[Web page caption snippets]
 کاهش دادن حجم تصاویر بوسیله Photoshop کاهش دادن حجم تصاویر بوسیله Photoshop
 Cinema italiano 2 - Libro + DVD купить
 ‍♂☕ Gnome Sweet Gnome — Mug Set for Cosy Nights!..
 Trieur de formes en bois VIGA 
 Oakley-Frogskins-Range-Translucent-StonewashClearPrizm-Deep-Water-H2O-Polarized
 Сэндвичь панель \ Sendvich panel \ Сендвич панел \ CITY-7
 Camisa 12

...

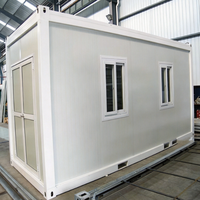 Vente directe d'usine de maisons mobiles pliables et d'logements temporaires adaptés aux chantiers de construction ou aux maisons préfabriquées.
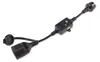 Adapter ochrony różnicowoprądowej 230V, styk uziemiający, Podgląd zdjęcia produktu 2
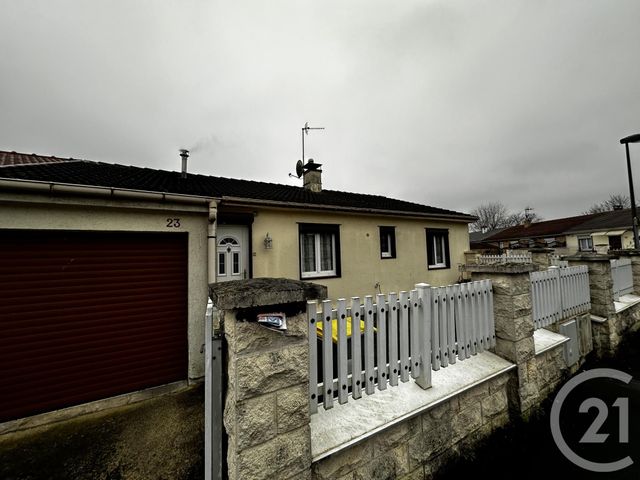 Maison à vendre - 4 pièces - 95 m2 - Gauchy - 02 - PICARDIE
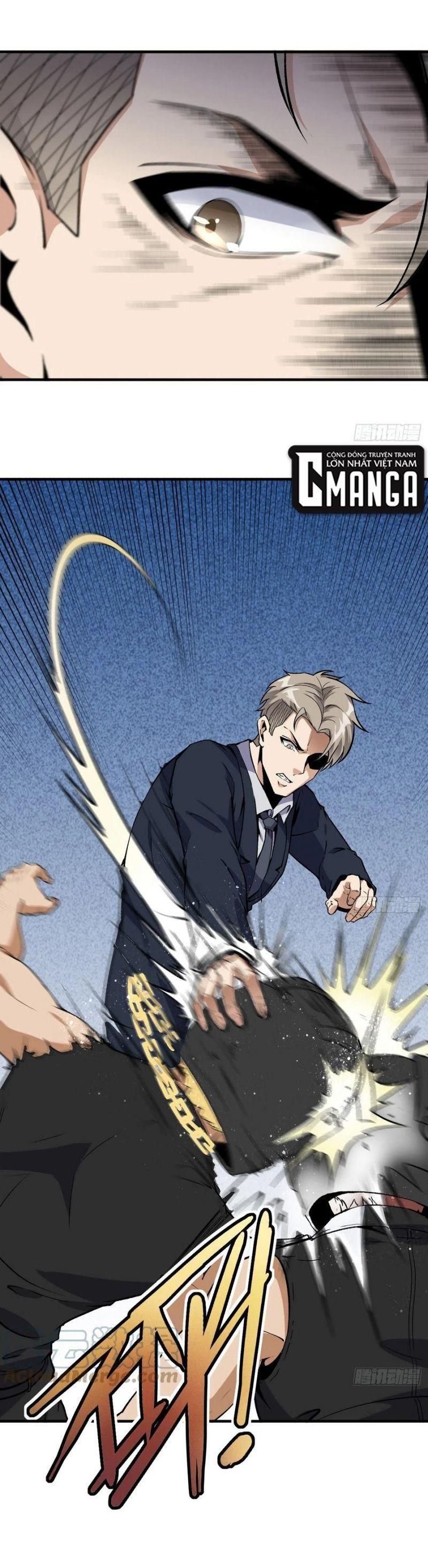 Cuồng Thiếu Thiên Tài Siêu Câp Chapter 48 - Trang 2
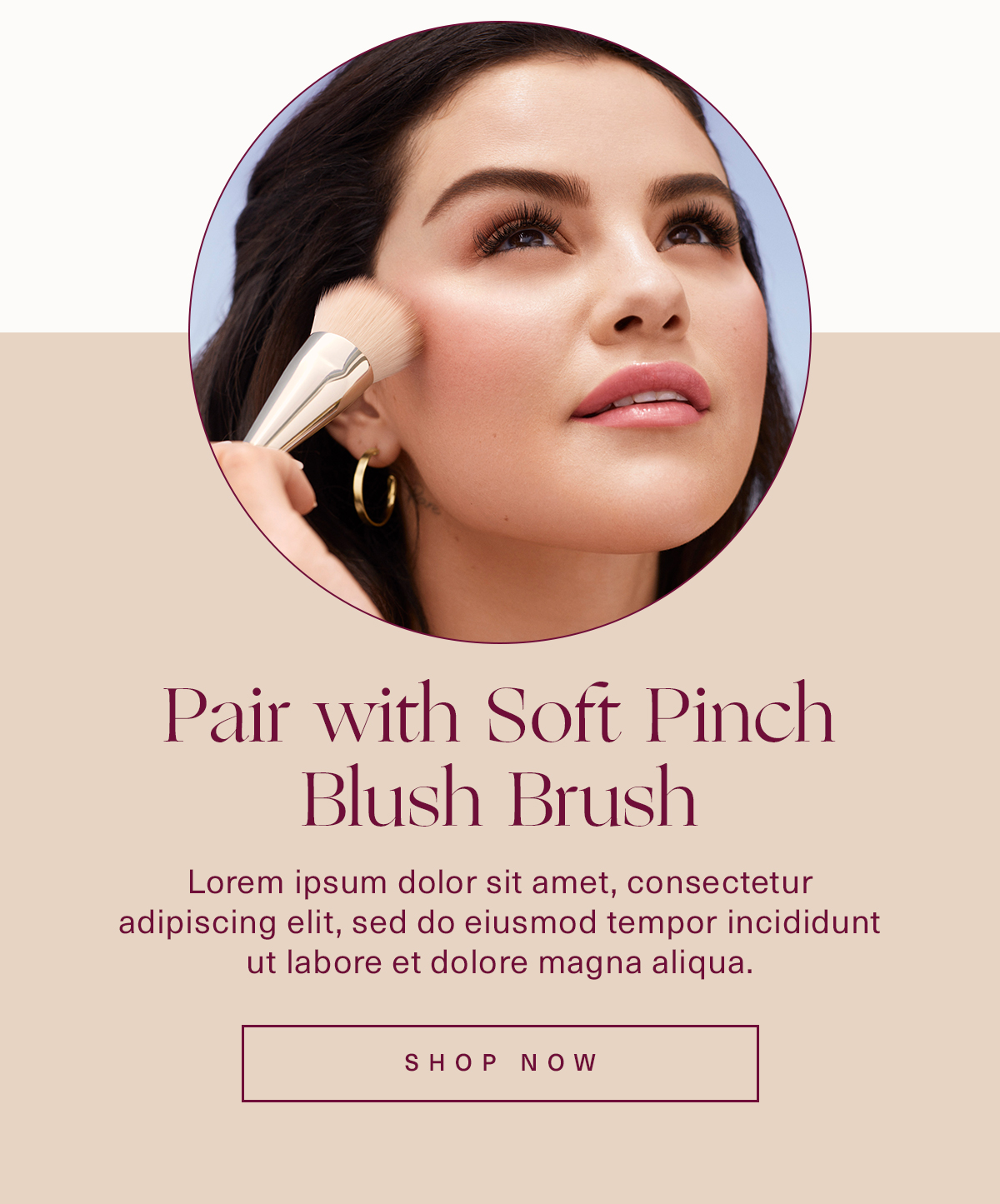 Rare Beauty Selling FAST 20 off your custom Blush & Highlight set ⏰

• **What you have to do**: Precisely those lines above that run from the line with "Cuồng Thiếu Thiên" up to and including the line with "Rare Beauty Selling" are to be set down, with the pictures omitted.

• **Solution for this task**:
 Cuồng Thiếu Thiên Tài Siêu Câp Chapter 48 - Trang 2
 Rare Beauty Selling FAST 20 off your custom Blush & Highlight set ⏰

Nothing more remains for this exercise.